The problem is not that we don’t yet have precise enough tools for measuring such things; it’s that there are two wholly different ways of measuring.
In one kind of measuring, we find how big or small a thing is using a scale, beginning point and unit. Something is x feet long, weighs y pounds or takes z seconds. We can call this “ontic” measuring, after the word philosophers apply to existing objects or properties.
But there’s another way of measuring that does not involve placing something alongside a stick or on a scale. This is the kind of measurement that Plato described as “fitting.” This involves less an act than an experience: we sense that things don’t “measure up” to what they could be. This is the kind of measuring that good examples invite. Aristotle, for instance, called the truly moral person a “measure,” because our encounters with such a person show us our shortcomings. We might call this “ontological” measuring, after the word philosophers use to describe how something exists.
The distinction between the two ways of measuring is often overlooked, sometimes with disastrous results. In his book “The Mismeasure of Man,” Stephen Jay Gould recounted the costs, both to society and to human knowledge, of the misguided attempt to measure human intelligence with a single quantity like I.Q. or brain size. Intelligence is fundamentally misapprehended when seen as an isolatable entity rather than a complex ideal. So too is teaching ability when measured solely by student test scores.
Confusing the two ways of measuring seems to be a characteristic of modern life. As the modern world has perfected its ontic measures, our ability to measure ourselves ontologically seems to have diminished. We look away from what we are measuring, and why we are measuring, and fixate on the measuring itself. We are tempted to seek all meaning in ontic measuring — and it’s no surprise that this ultimately leaves us disappointed and frustrated, drowned in carefully calibrated details....
But how are we supposed to measure how wise or prudent we are in choosing the instruments of measurement and interpreting the findings?
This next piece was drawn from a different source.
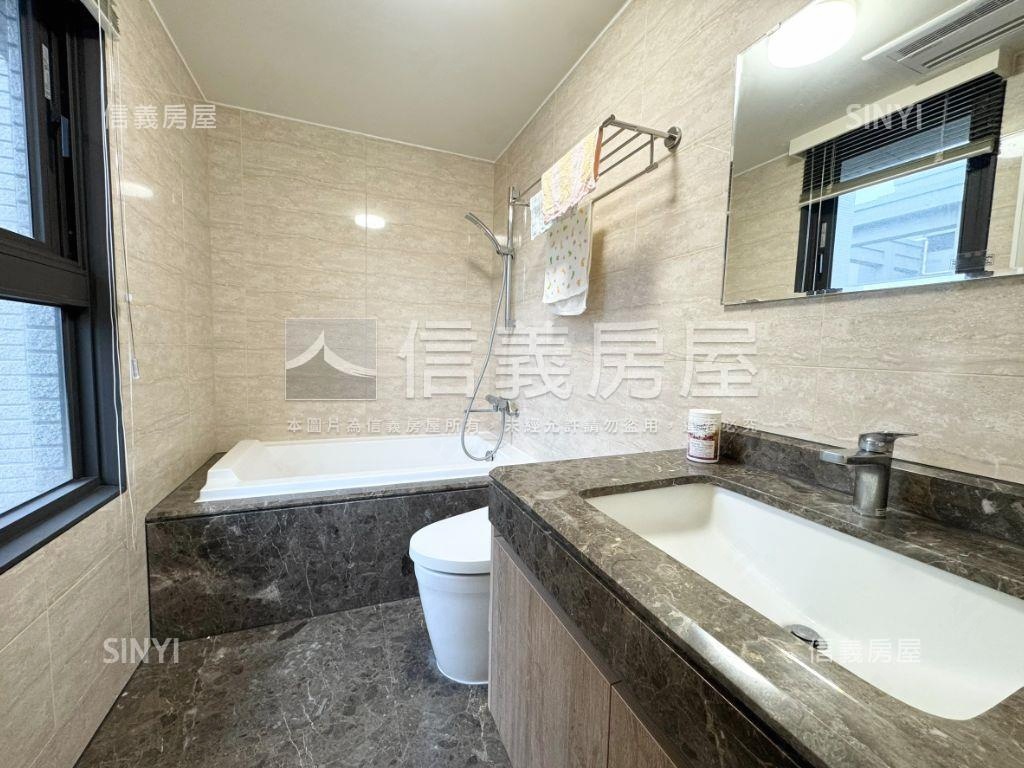 蛋黃區文心匯三房平面車位房屋室內格局與周邊環境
Modern literature is full of references to the dehumanizing side of measurement, as exemplified by the character Thomas Gradgrind in Dickens’s “Hard Times,” a dry rational character who is “ready to weigh and measure any parcel of human nature, and tell you exactly what it comes to,” yet loses track of his own life.
How can we keep an eye on the difference between ontic and ontological measurement, and prevent the one from interfering with the other?
One way is to ask ourselves what is missing from our measurements.... In our increasingly quantified world, we have to determine precisely where and how our measurements fail to deliver.